A second check before anything on your NVR changes
Logging in once and then having full power over a system forever is how most software works — and it's a problem the moment someone else is at the keyboard. Here's how Calyston re-asks before destructive actions, and how you recover if you ever forget the password.
Most software has one gate: the login screen. You type your password once, and from that moment until you log out, anything is possible — delete a camera, wipe a week of recordings, reformat a disk. The system can no longer tell you apart from whoever is sitting at your screen ten minutes later while you grabbed a coffee.
For a video recorder, that's the wrong default. The whole point of the thing is to be trustworthy. So Calyston adds a second, smaller gate — right before the actions that actually matter.

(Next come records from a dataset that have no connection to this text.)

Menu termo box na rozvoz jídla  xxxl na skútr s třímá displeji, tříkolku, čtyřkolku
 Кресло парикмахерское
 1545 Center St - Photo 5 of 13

Watching is free. Changing asks again.
Calyston splits what you do into two kinds of action, and treats them differently:
- Looking — live view, scrubbing back through recordings, opening a settings page to read it — never prompts. Re-asking for a password just to watch your own footage would be friction with no payoff, and friction is the one thing a self-hosted system can't afford to add.
- Changing the system — deleting a camera, deleting a recording, switching the storage disk, editing settings that change how the NVR records — asks for your admin password again.

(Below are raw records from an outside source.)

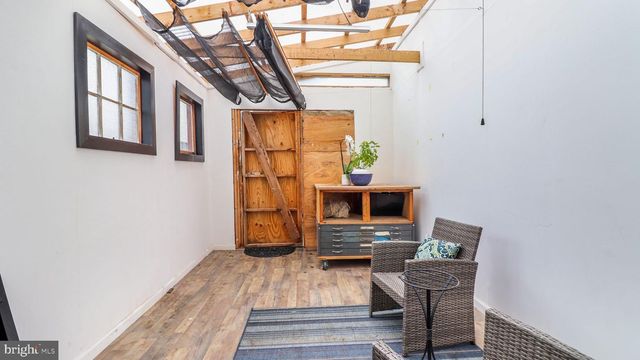 5220 BLAINE ST NE, Washington, DC 20019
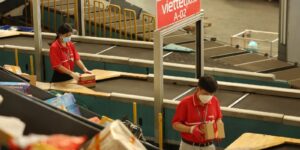 gui viettel post co can goi hang khong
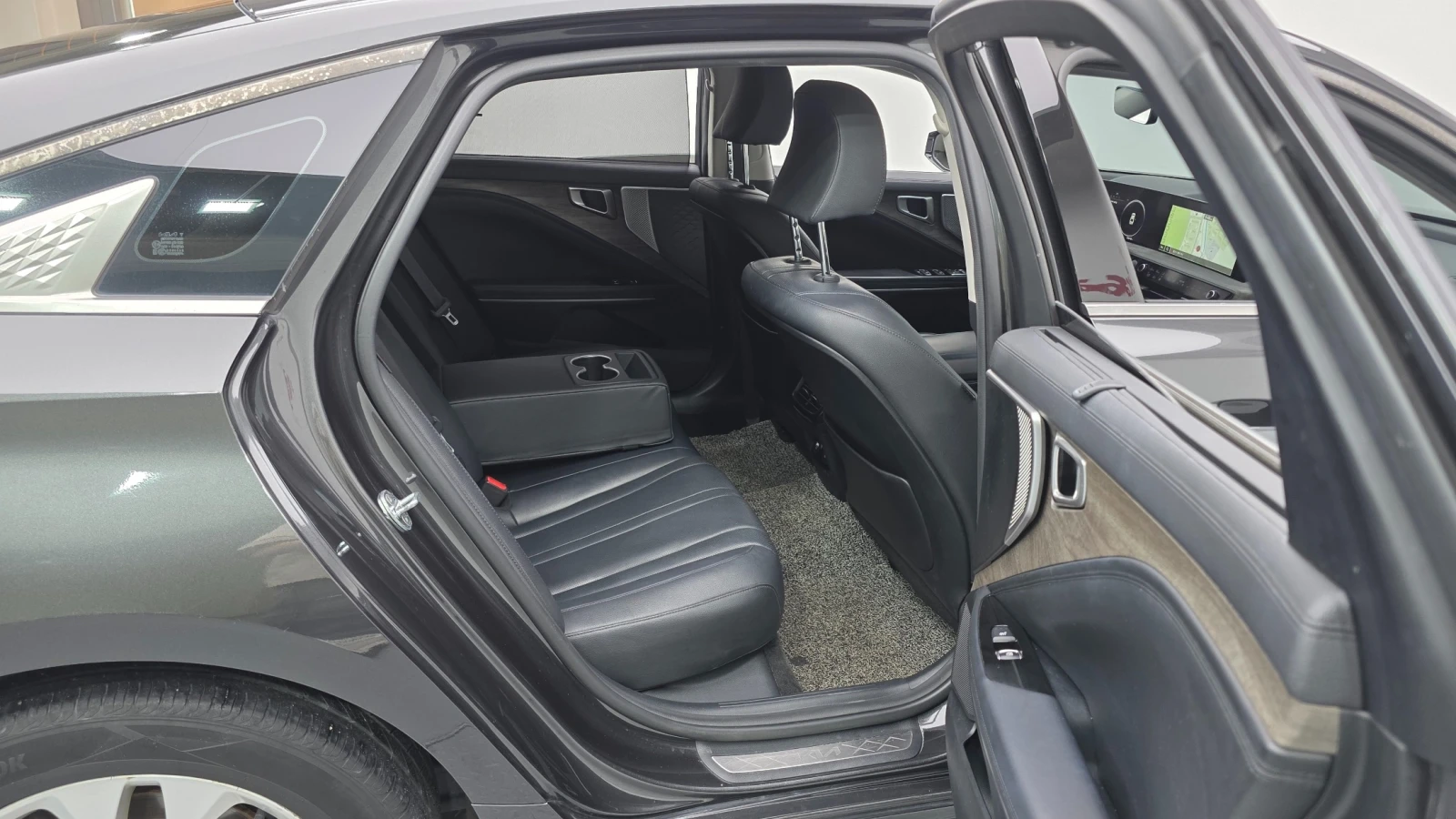 Kia K8 2.5 GDI Noblesse | 360  | Вентилирани седалки, снимка 10 - Автомобили и джипове - 55546511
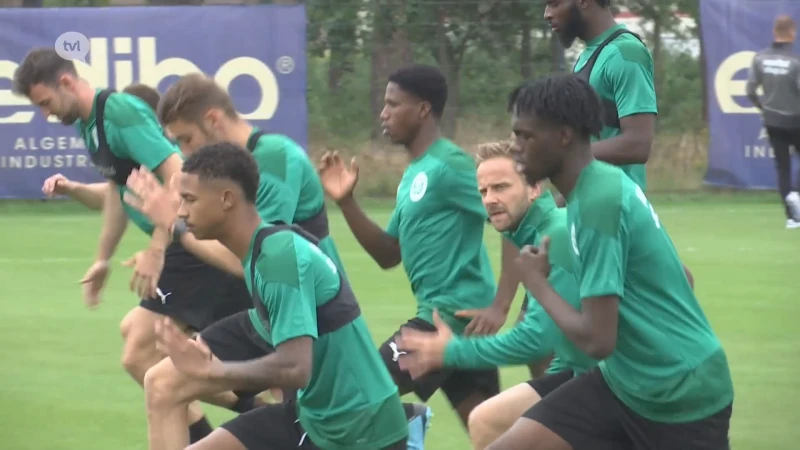Eerste training Lommel SK: "Beginnen met ambitie om mee te doen voor promotie."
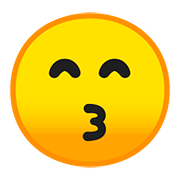 Emoji 😙 Faccina Che Bacia Con Occhi Sorridenti su Google Android 8.1.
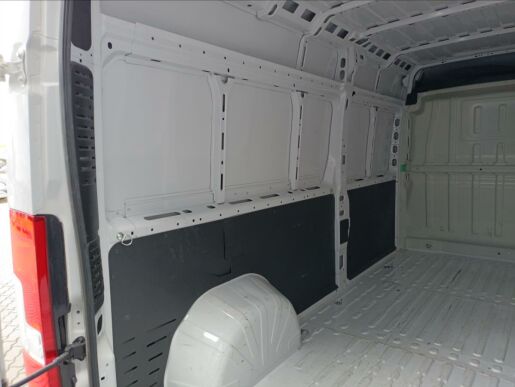 Opel Movano 2,2 L3H2 3500 2,2CDTi 165k MAN6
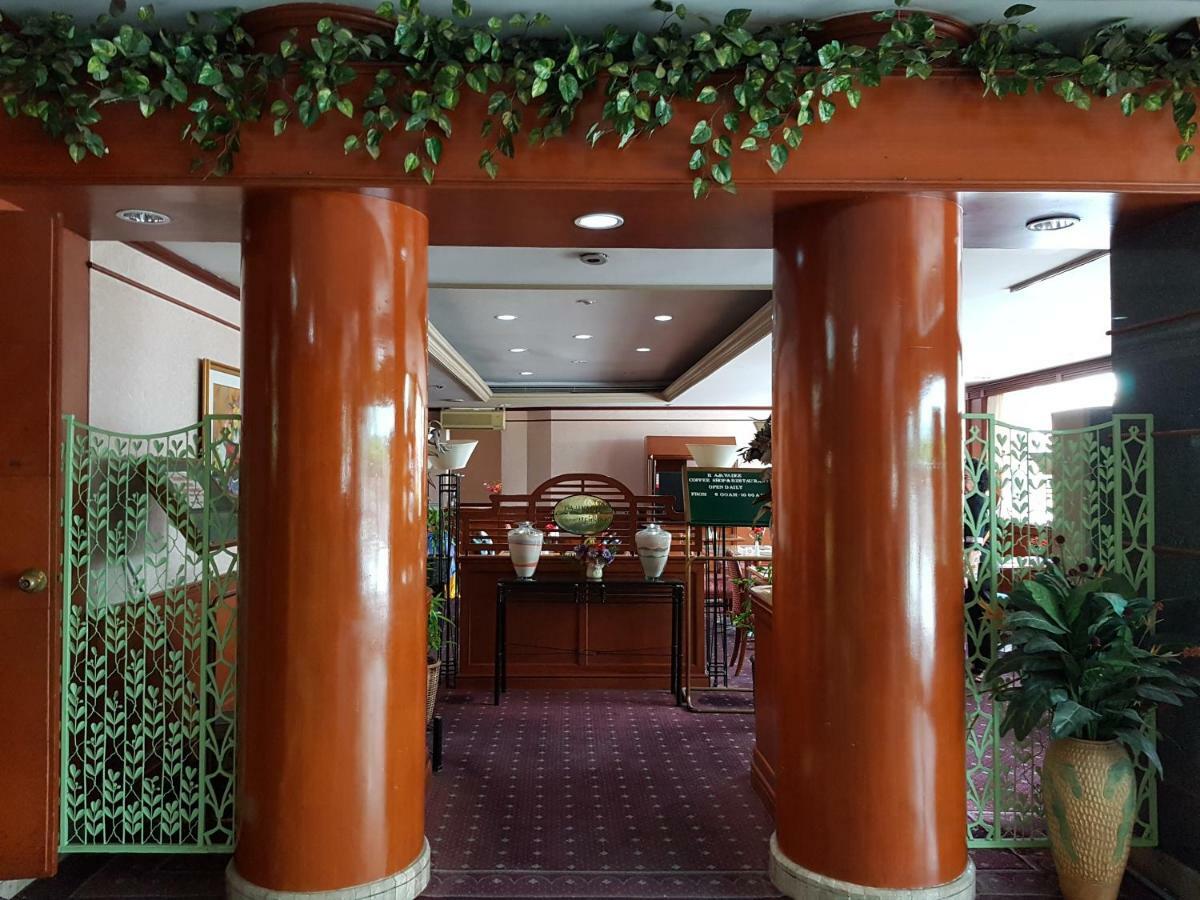 The Park Hotel Sukhumvit 7 Bangkok Dış mekan fotoğraf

It's the same idea as sudo on Linux, or the confirmation your phone wants
before it wipes itself: ordinary use is smooth, but the irreversible stuff has a
deliberate speed bump in front of it.
One prompt, then a quiet window
Nobody wants to retype a password on every click. So when you confirm, Calyston opens a short elevated window — about ten minutes. Configure several things in a row, and you're asked once, not once per change. When the window lapses, the next destructive action asks again. It's the balance between security and not being annoying.
The honest version
We'd rather explain the limits than oversell. Today Calyston has a single admin, so this second check re-asks the same password you used to log in. That's a modest barrier against someone who already knows your password — but a very real one against the situation that actually happens: a session left open on an unattended machine, and a deliberate pause before anything catastrophic. Proper separate accounts — a viewer who simply can't delete anything, no matter what — are roles we're building next.

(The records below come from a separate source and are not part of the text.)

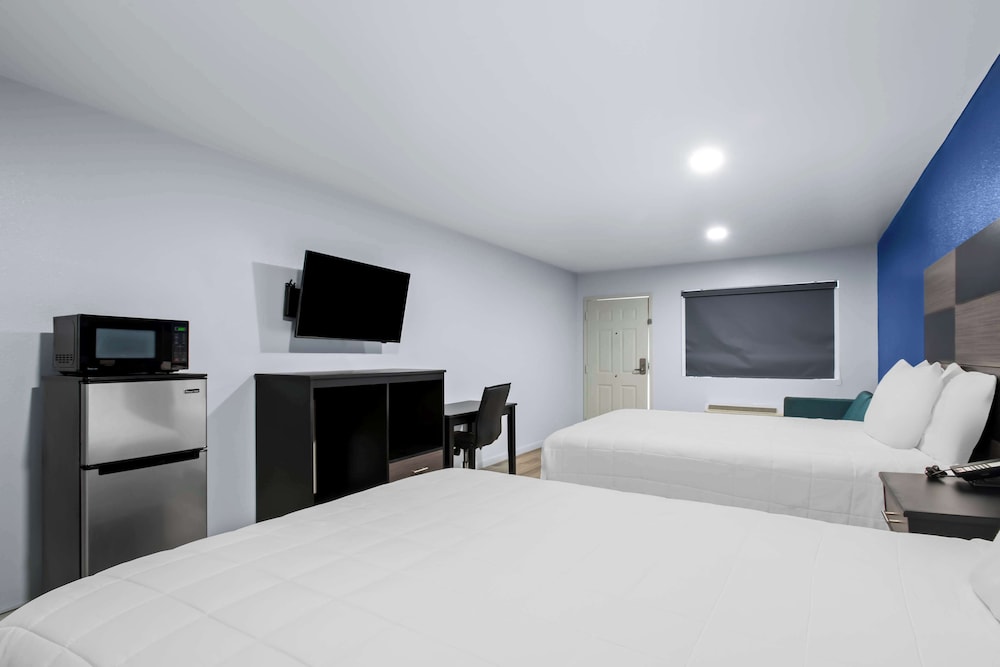 Deluxe Suite, Non Smoking (3 Queen Beds) - Photo 1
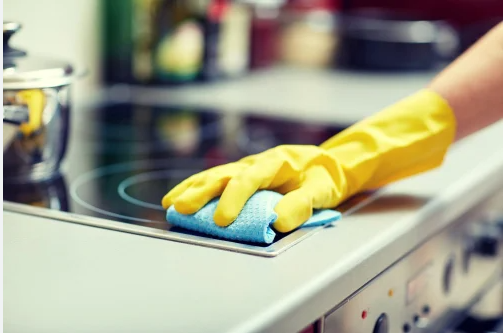 Commercial vs. Residential Kitchen Deep Cleaning in Glasgow – What’s the Difference?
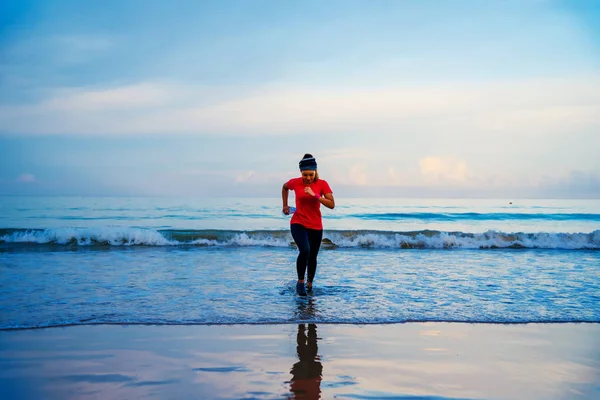 Девушка бегает трусцой по пляжу утром. Relax and happy with running on the sea. Летом. Девушка бегает за здоровьем. упражнения, природа, открытый, отдых, спорт, отдых, бег, пляж, море, путешествия Таиланд . — стоковое фото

What happens if you forget the password?
Here's where being self-hosted changes the answer entirely.
Cloud products offer "reset via email" because they hold your account — and the flip side is that whoever controls your inbox can take over your cameras. Calyston has no cloud account to reset, by design. So recovery works the way it should for a box that lives in your building: you run a command on the machine itself.
calyston-admin reset-password <username>
It prompts for a new password and sets it, right there on the device. That's it.
This isn't a workaround — it's the correct trust model. Physical access to your hardware is the root of everything. Someone standing at your NVR can already pull the disk; letting them reset the password too costs nothing. But nobody remote — not an attacker with your email, not us, not any vendor — can reset it, because there's no remote door to walk through. We literally cannot get into your system. That's the point.
The short version
- Looking at your cameras and footage is always frictionless.
- Changing the system re-asks your password, then stays unlocked for about ten minutes.
- Forgot it? Reset it with one command on the box — no cloud, no email, no vendor in the loop.
Your hardware, your footage, your keys. Even from us.